これは、1983年8月29日に日本テレビ系の“24時間テレビ”でスペシャルドラマとして放映されたものです。横浜情報文化センターにある放送ライブラリーでいつでも視聴できます。それで、記事カテゴリーは期間限定の“映画”や“テレビ”でなく、いつでも視聴できる“DVD/ビデオ”。
監督:真船 禎 脚本:高橋玄洋(原作:井伏鱒二)
カメラ:飯山孫八 他 音楽:宮川 泰 美術:川端淳朗 他
ドラマの始まりは、皇太子(今の天皇)が結婚した頃、えっと昭和34年か?広島で被爆した元中学校校長・閑間重松(森繁久弥)が“被爆日誌”を整理・清書しながら、昭和20年8月6日以来、姪で養女の矢須子(中井貴恵)の身に起こったことを回顧する形でドラマは進みます。矢須子は、原爆投下の瞬間、広島にいなかったのですが、原爆症で余命いくばくも無い・・・
矢須子が元気だった頃、そして、重松の妻シゲ子(奈良岡朋子)も生きていた頃、矢須子に縁談が持ち上がっては破談になっていました。原因は、矢須子は広島第二中学で働いていて原爆にあったといううわさです。
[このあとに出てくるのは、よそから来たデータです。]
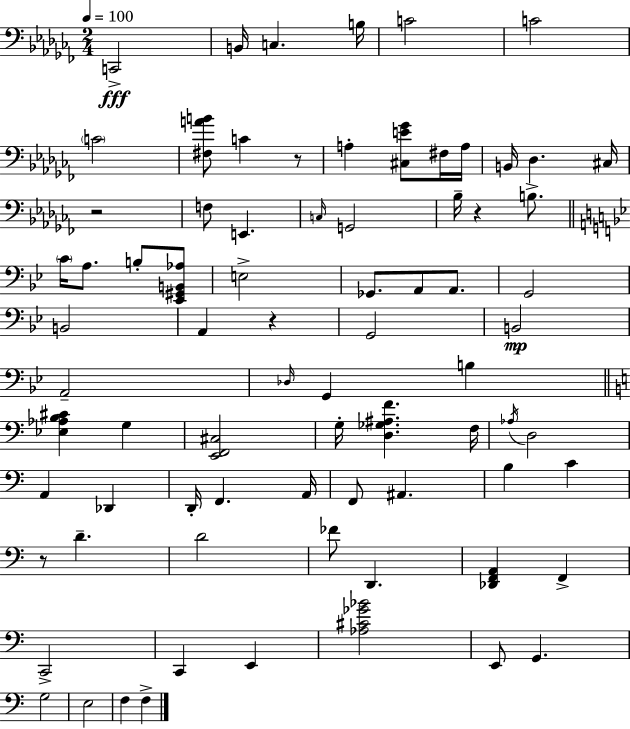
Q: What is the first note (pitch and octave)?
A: C2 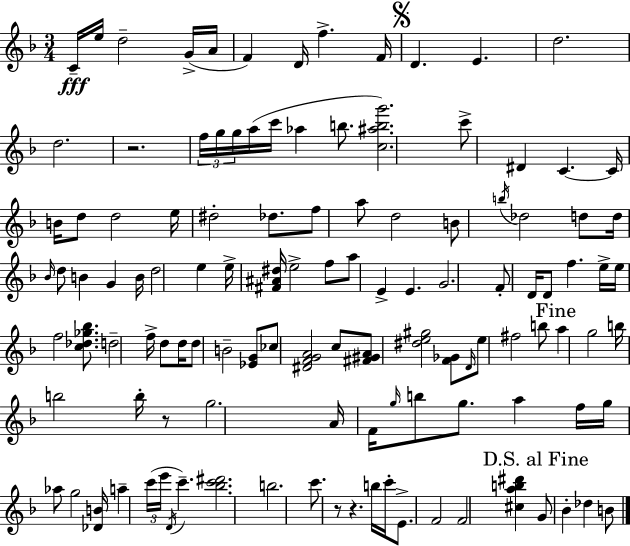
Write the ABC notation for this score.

X:1
T:Untitled
M:3/4
L:1/4
K:Dm
C/4 e/4 d2 G/4 A/4 F D/4 f F/4 D E d2 d2 z2 f/4 g/4 g/4 a/4 c'/4 _a b/2 [c^abg']2 c'/2 ^D C C/4 B/4 d/2 d2 e/4 ^d2 _d/2 f/2 a/2 d2 B/2 b/4 _d2 d/2 d/4 _B/4 d/2 B G B/4 d2 e e/4 [^F^A^d]/4 e2 f/2 a/2 E E G2 F/2 D/4 D/2 f e/4 e/4 f2 [c_d_g_b]/2 d2 f/4 d/2 d/4 d/2 B2 [_EG]/2 _c/2 [^DFGA]2 c/2 [^F^GA]/2 [^de^g]2 [F_G]/2 D/4 e/2 ^f2 b/2 a g2 b/4 b2 b/4 z/2 g2 A/4 F/4 g/4 b/2 g/2 a f/4 g/4 _a/2 g2 [_DB]/4 a c'/4 e'/4 D/4 c' [_bc'^d']2 b2 c'/2 z/2 z b/4 c'/4 E/2 F2 F2 [^cab^d'] G/2 _B _d B/2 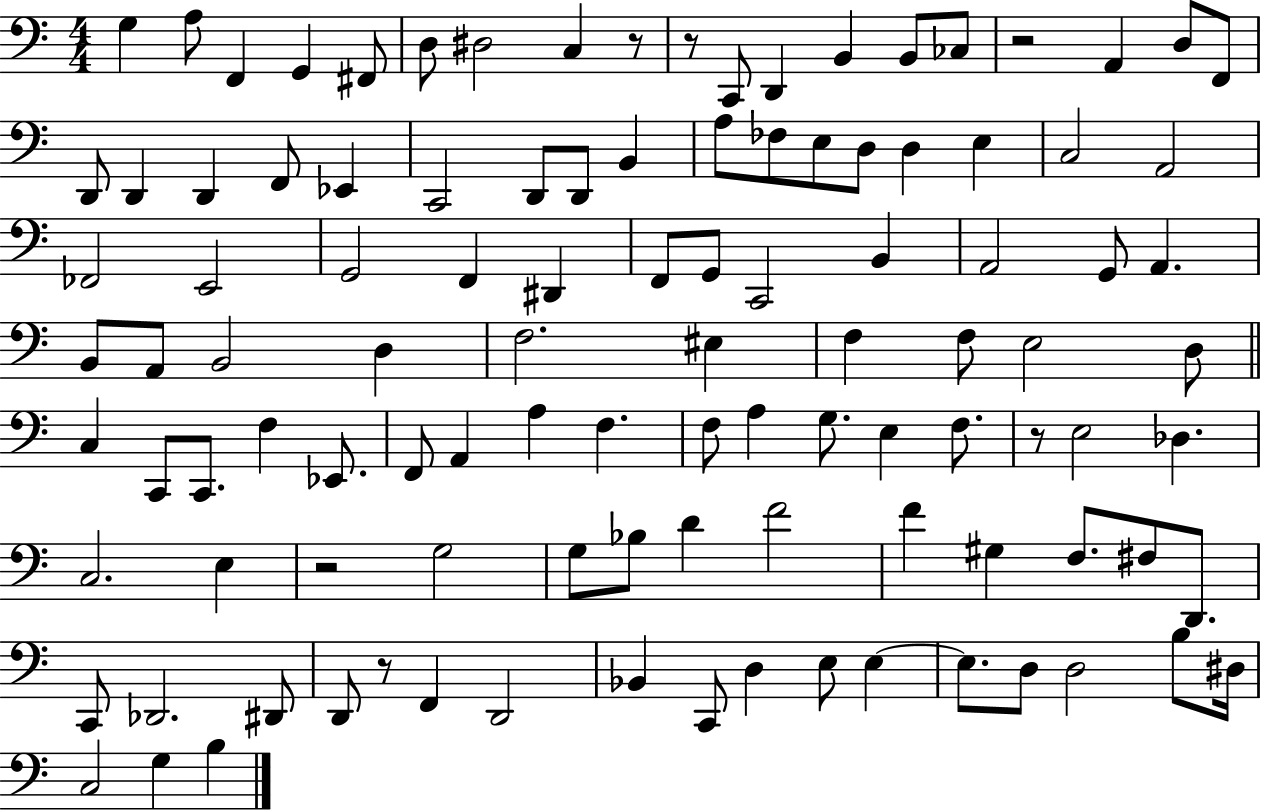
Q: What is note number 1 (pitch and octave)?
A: G3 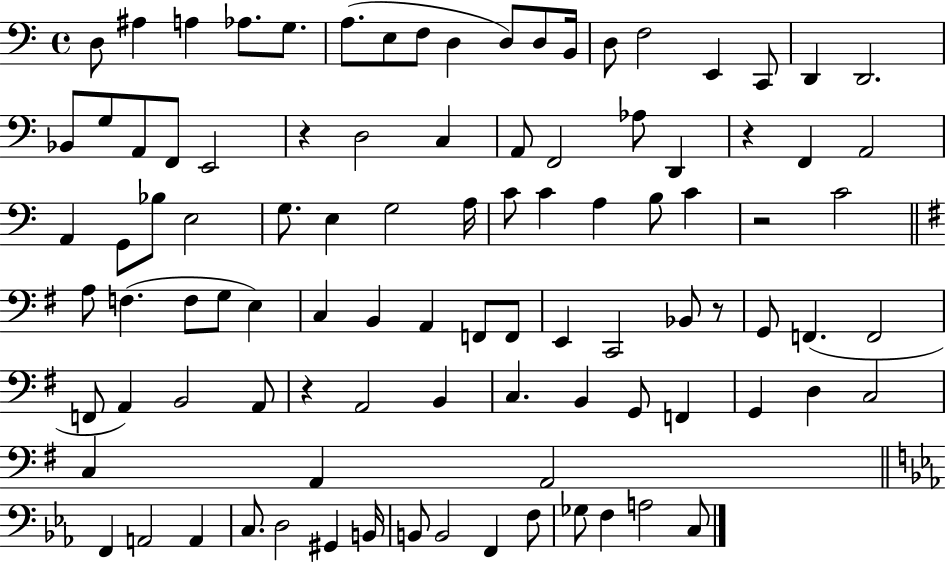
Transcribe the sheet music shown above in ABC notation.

X:1
T:Untitled
M:4/4
L:1/4
K:C
D,/2 ^A, A, _A,/2 G,/2 A,/2 E,/2 F,/2 D, D,/2 D,/2 B,,/4 D,/2 F,2 E,, C,,/2 D,, D,,2 _B,,/2 G,/2 A,,/2 F,,/2 E,,2 z D,2 C, A,,/2 F,,2 _A,/2 D,, z F,, A,,2 A,, G,,/2 _B,/2 E,2 G,/2 E, G,2 A,/4 C/2 C A, B,/2 C z2 C2 A,/2 F, F,/2 G,/2 E, C, B,, A,, F,,/2 F,,/2 E,, C,,2 _B,,/2 z/2 G,,/2 F,, F,,2 F,,/2 A,, B,,2 A,,/2 z A,,2 B,, C, B,, G,,/2 F,, G,, D, C,2 C, A,, A,,2 F,, A,,2 A,, C,/2 D,2 ^G,, B,,/4 B,,/2 B,,2 F,, F,/2 _G,/2 F, A,2 C,/2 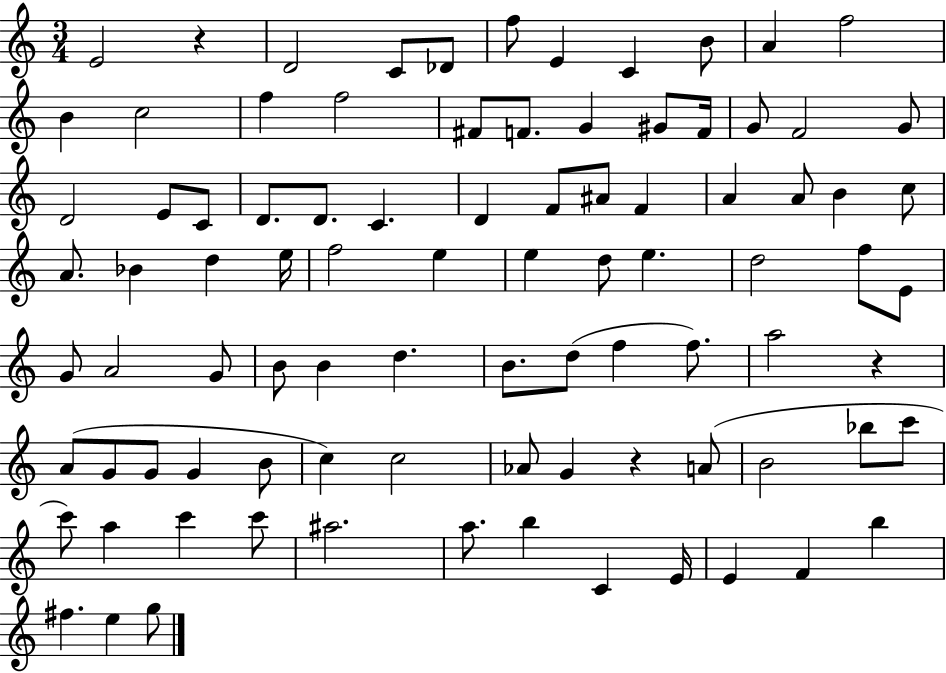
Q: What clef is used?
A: treble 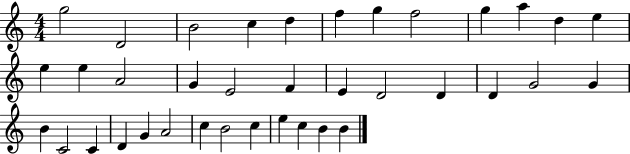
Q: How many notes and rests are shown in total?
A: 37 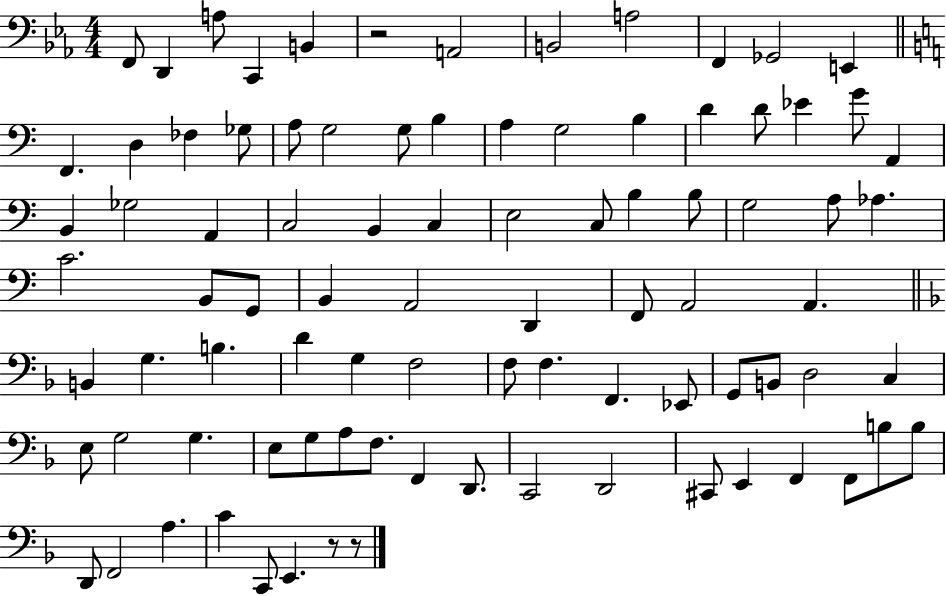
F2/e D2/q A3/e C2/q B2/q R/h A2/h B2/h A3/h F2/q Gb2/h E2/q F2/q. D3/q FES3/q Gb3/e A3/e G3/h G3/e B3/q A3/q G3/h B3/q D4/q D4/e Eb4/q G4/e A2/q B2/q Gb3/h A2/q C3/h B2/q C3/q E3/h C3/e B3/q B3/e G3/h A3/e Ab3/q. C4/h. B2/e G2/e B2/q A2/h D2/q F2/e A2/h A2/q. B2/q G3/q. B3/q. D4/q G3/q F3/h F3/e F3/q. F2/q. Eb2/e G2/e B2/e D3/h C3/q E3/e G3/h G3/q. E3/e G3/e A3/e F3/e. F2/q D2/e. C2/h D2/h C#2/e E2/q F2/q F2/e B3/e B3/e D2/e F2/h A3/q. C4/q C2/e E2/q. R/e R/e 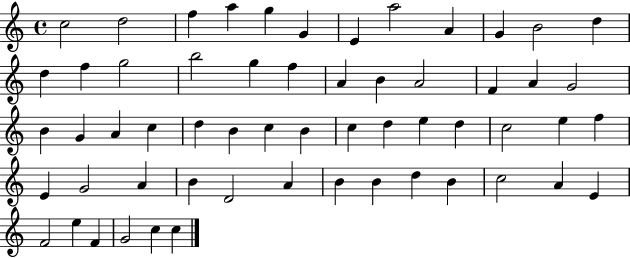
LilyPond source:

{
  \clef treble
  \time 4/4
  \defaultTimeSignature
  \key c \major
  c''2 d''2 | f''4 a''4 g''4 g'4 | e'4 a''2 a'4 | g'4 b'2 d''4 | \break d''4 f''4 g''2 | b''2 g''4 f''4 | a'4 b'4 a'2 | f'4 a'4 g'2 | \break b'4 g'4 a'4 c''4 | d''4 b'4 c''4 b'4 | c''4 d''4 e''4 d''4 | c''2 e''4 f''4 | \break e'4 g'2 a'4 | b'4 d'2 a'4 | b'4 b'4 d''4 b'4 | c''2 a'4 e'4 | \break f'2 e''4 f'4 | g'2 c''4 c''4 | \bar "|."
} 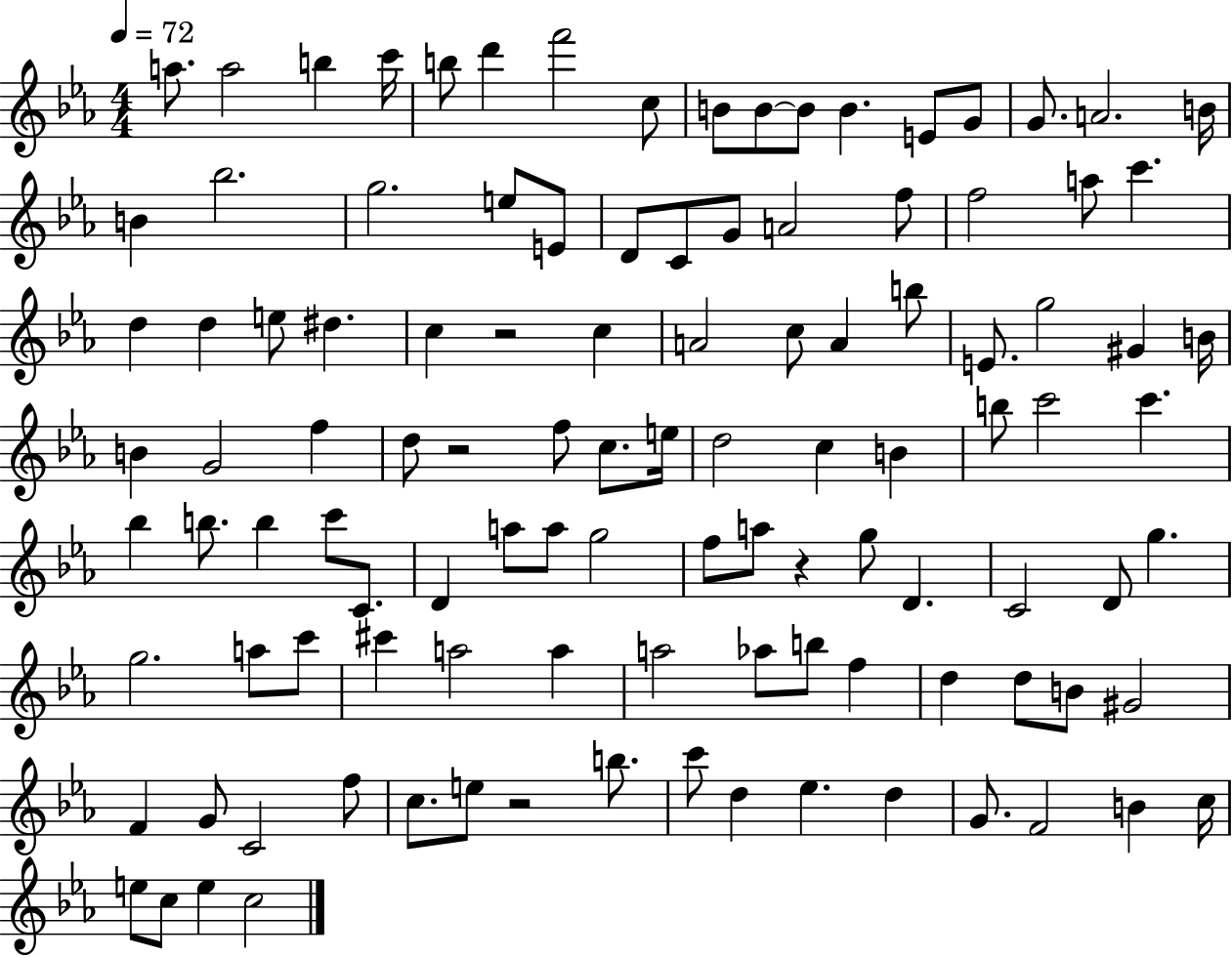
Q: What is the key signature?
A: EES major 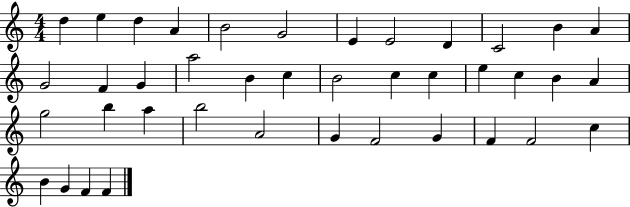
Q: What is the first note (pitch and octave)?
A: D5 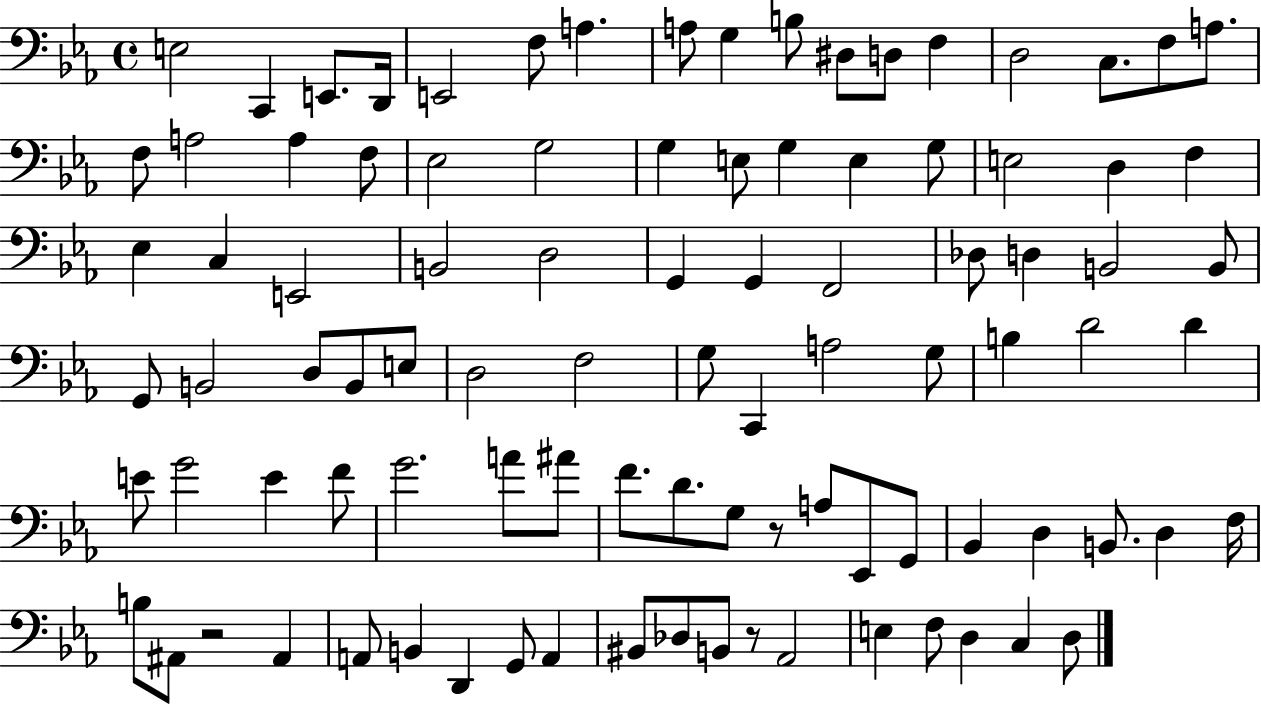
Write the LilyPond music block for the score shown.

{
  \clef bass
  \time 4/4
  \defaultTimeSignature
  \key ees \major
  e2 c,4 e,8. d,16 | e,2 f8 a4. | a8 g4 b8 dis8 d8 f4 | d2 c8. f8 a8. | \break f8 a2 a4 f8 | ees2 g2 | g4 e8 g4 e4 g8 | e2 d4 f4 | \break ees4 c4 e,2 | b,2 d2 | g,4 g,4 f,2 | des8 d4 b,2 b,8 | \break g,8 b,2 d8 b,8 e8 | d2 f2 | g8 c,4 a2 g8 | b4 d'2 d'4 | \break e'8 g'2 e'4 f'8 | g'2. a'8 ais'8 | f'8. d'8. g8 r8 a8 ees,8 g,8 | bes,4 d4 b,8. d4 f16 | \break b8 ais,8 r2 ais,4 | a,8 b,4 d,4 g,8 a,4 | bis,8 des8 b,8 r8 aes,2 | e4 f8 d4 c4 d8 | \break \bar "|."
} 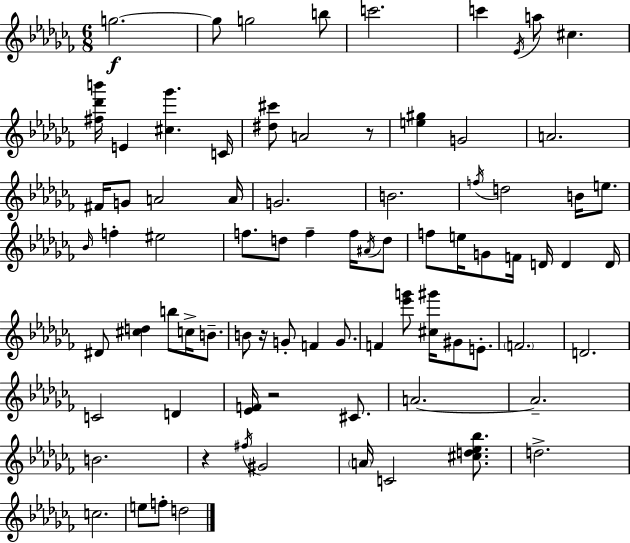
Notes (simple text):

G5/h. G5/e G5/h B5/e C6/h. C6/q Eb4/s A5/e C#5/q. [F#5,Db6,B6]/s E4/q [C#5,Gb6]/q. C4/s [D#5,C#6]/e A4/h R/e [E5,G#5]/q G4/h A4/h. F#4/s G4/e A4/h A4/s G4/h. B4/h. F5/s D5/h B4/s E5/e. Bb4/s F5/q EIS5/h F5/e. D5/e F5/q F5/s A#4/s D5/e F5/e E5/s G4/e F4/s D4/s D4/q D4/s D#4/e [C#5,D5]/q B5/e C5/s B4/e. B4/e R/s G4/e F4/q G4/e. F4/q [Eb6,G6]/e [C#5,G#6]/s G#4/e E4/e. F4/h. D4/h. C4/h D4/q [Eb4,F4]/s R/h C#4/e. A4/h. A4/h. B4/h. R/q F#5/s G#4/h A4/s C4/h [C#5,D5,Eb5,Bb5]/e. D5/h. C5/h. E5/e F5/e D5/h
重松は、矢須子は当時古江町に行っていたので原爆にあってないと否定してまわるのですが、それでもダメ。
昭和25年の夏祭り。矢須子は、吉舎町の役場に勤める桜井(小倉一郎)と出会います。桜井は、矢須子のうわさは承知の上で結婚を申し込み、重松夫妻も嫁に出すことを承知します。ところが、桜井は親戚の反対に抗しきれず破談。激怒する重松。倒れるシゲ子。シゲ子はそれから5年後、他界。(チェルノブイリ原発事故もそうだけれど、放射線被曝の影響は何年も経って出てくるんだ。)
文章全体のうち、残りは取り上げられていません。